The PRESIDENT : Thank you very much, Professor Sorel. Professor Franck.
Mr. FRANCK: Thank you, Mr. President.
THE DISPUTE OVER THE "AOZOU STRIP"
BEFORE THE UNITED NATIONS AND THE OAU
1. It is commonly accepted by both Libya and Chad that Libya took possession of the Aozou
strip for the first time in 1973. Obviously, Libya thereby crossed the frontier line defined by the
1955 Treaty.
2. What happened thereafter at the United Nations and at the OAU? Chad, consistently,
persistently, insisted that the frontier line established by the 1955 Treaty had to be respected by
Libya and, if necessary, enforced by the United Nations and by the OAU. Thus the post-1973
United Nations and OAU activities are relevant, of course, to demonstrate Chad's unswerving belief
in the terms and the efficiency of Article 3 and Annex I of the 1955 Treaty with Libya. This will
scarcely amaze anyone.
3. But what did Libya believe in this new period? Libya now argues publicly, during this
period, on the record, and pretty much throughout the period, that the instrument determining its
boundary with Chad was the 1935 Treaty of Rome which, it said, was endorsed by the United
Nations "phantom map". And, occasionally, it claimed historic title to the area that it had occupied,
and claimed that it was there by way of Ottoman inheritance (in the UN: see UN Doc.
No. S/PV.2419, 23 March 1983, pp. 23/25-26; in the OAU: see MC, Livre IV, Ann. 293, p. 2).
But to this area, to the Aozou, to the lands between the 1955 and the 1935 lines.

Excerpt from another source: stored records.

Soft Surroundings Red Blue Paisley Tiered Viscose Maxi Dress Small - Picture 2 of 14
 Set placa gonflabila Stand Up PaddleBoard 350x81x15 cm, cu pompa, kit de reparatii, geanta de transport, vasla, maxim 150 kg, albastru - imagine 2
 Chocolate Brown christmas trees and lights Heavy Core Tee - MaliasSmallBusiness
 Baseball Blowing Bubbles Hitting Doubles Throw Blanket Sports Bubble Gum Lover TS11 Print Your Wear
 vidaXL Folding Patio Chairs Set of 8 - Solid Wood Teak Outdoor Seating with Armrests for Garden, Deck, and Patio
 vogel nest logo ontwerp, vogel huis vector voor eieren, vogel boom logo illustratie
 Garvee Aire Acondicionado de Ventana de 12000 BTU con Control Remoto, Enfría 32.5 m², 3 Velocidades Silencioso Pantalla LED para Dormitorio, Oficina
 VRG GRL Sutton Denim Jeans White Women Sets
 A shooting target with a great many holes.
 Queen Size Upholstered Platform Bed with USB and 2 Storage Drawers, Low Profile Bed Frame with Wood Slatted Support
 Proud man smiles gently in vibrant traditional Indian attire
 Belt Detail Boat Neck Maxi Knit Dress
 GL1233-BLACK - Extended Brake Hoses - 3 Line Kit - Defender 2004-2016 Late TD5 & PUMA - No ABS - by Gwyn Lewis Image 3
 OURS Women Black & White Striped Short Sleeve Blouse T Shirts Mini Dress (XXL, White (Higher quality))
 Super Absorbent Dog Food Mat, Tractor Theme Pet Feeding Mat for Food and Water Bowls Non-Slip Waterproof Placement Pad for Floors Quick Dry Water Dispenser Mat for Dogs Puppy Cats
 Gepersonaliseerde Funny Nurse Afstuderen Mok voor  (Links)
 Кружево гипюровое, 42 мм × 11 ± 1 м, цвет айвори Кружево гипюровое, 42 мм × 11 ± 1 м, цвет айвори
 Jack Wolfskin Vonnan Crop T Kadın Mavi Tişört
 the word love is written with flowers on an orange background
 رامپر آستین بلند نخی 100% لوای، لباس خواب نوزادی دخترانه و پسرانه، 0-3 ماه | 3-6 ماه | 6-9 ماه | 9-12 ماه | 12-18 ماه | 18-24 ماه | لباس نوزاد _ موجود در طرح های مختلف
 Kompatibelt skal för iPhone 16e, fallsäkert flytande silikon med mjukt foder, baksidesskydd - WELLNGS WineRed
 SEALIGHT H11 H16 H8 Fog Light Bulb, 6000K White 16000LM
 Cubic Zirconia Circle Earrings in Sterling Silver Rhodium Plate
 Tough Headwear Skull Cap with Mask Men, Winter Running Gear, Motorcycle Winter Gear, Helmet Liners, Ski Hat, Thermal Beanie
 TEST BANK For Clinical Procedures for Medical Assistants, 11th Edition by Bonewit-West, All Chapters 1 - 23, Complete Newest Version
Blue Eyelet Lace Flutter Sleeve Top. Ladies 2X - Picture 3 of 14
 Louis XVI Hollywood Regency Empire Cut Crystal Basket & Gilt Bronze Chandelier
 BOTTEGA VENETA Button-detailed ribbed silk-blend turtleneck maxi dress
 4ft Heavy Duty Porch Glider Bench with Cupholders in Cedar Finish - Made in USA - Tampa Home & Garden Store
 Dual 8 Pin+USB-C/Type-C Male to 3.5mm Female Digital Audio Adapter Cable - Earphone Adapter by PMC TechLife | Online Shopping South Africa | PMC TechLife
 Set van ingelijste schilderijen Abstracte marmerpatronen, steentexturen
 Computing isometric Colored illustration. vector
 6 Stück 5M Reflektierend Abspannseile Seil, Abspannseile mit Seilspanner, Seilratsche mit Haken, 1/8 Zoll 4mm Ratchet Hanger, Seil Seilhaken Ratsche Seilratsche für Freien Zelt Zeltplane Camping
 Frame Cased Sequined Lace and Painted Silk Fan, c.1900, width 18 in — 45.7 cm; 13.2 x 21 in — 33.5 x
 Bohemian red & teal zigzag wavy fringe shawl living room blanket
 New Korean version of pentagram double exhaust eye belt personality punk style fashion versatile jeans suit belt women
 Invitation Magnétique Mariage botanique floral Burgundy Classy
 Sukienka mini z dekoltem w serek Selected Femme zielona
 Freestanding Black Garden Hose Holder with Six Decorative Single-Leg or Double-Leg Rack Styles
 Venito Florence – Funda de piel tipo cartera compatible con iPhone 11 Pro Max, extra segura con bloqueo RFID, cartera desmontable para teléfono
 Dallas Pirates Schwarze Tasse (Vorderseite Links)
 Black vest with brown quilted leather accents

4. And, finally, what happened in the global and regional organs is relevant to this case
because it casts light on what the international and regional communities of States thought the
dispute was about, and what they thought about the relative merits of the claims of Chad — based
38
- 38 -
on the 1955 Treaty and its incorporated instruments of reference — as compared with the claim
Libya then was advancing, based mainly on the Laval-Mussolini Treaty of 1935 and, very
occasionally, on vague references to Italian and Ottoman claims which it thought confirmed that line
(in the UN: see UN Doc. No. S/PV.2419, 23 March 1983, pp. 23/25-26; in the OAU: see MC,
Livre IV, Ann. 293, p. 2).
5. The first thing to note is that nowhere in this record of events, of events occurring in the
authorized multilateral fora for dispute settlement, nowhere did Libya ever assert the absence of a
southern frontier. On the contrary. It insisted on a boundary: one that accorded with the unratified
Treaty of Rome, one that accorded with its conquest of Aozou and, of course, one that accorded with
the "phantom map". I could easily exhaust my allotted time before the Bar merely by citing the
instances. Let me give one example and merely offer the rest as citations in the written version. In
1983, Libya's representative to the Security Council asserted that Aozou had never been part of
Chad. This he demonstrated by referring to the 1950 United Nations Commissioner's map. He
implied that Libya and Chad had no border delimitation problem. "Libya signed the Cairo
Agreement" — he means the 1964 Cairo Declaration — "and has respected the colonial borders", he
declared. "We inherited borders from Italian colonialism, and Chad inherited borders from French
colonialism." Borders, Mr. President. He did not say we inherited claims. He did not say, "I
wonder where the border is?" (UN Doc. No. S/PV/.2419, 24 March 1983, p. 27; see also
pp. 22-26; for additional Libyan reliance on the "phantom map" and the 1935 Treaty, see MC, at
pp. 301-302 (E), pp. 324-325 (Fr), paras. 129-130 and cites therein; MC, at pp. 310-311 (E),
pp. 333-334 (Fr), paras. 160-161 and cites therein; MC, Livre IV, Ann. 292, p. 2; Ann. 292, pp. 1,
3-4; MC, Livre VI, Ann. P82, pp. 373-374, 389, 394; MC, Livre IV, Ann. 283, p. 3; Ann. 284,
pp. 4-5). Permit me to repeat: nowhere do we hear a word about the non-existence of a frontier.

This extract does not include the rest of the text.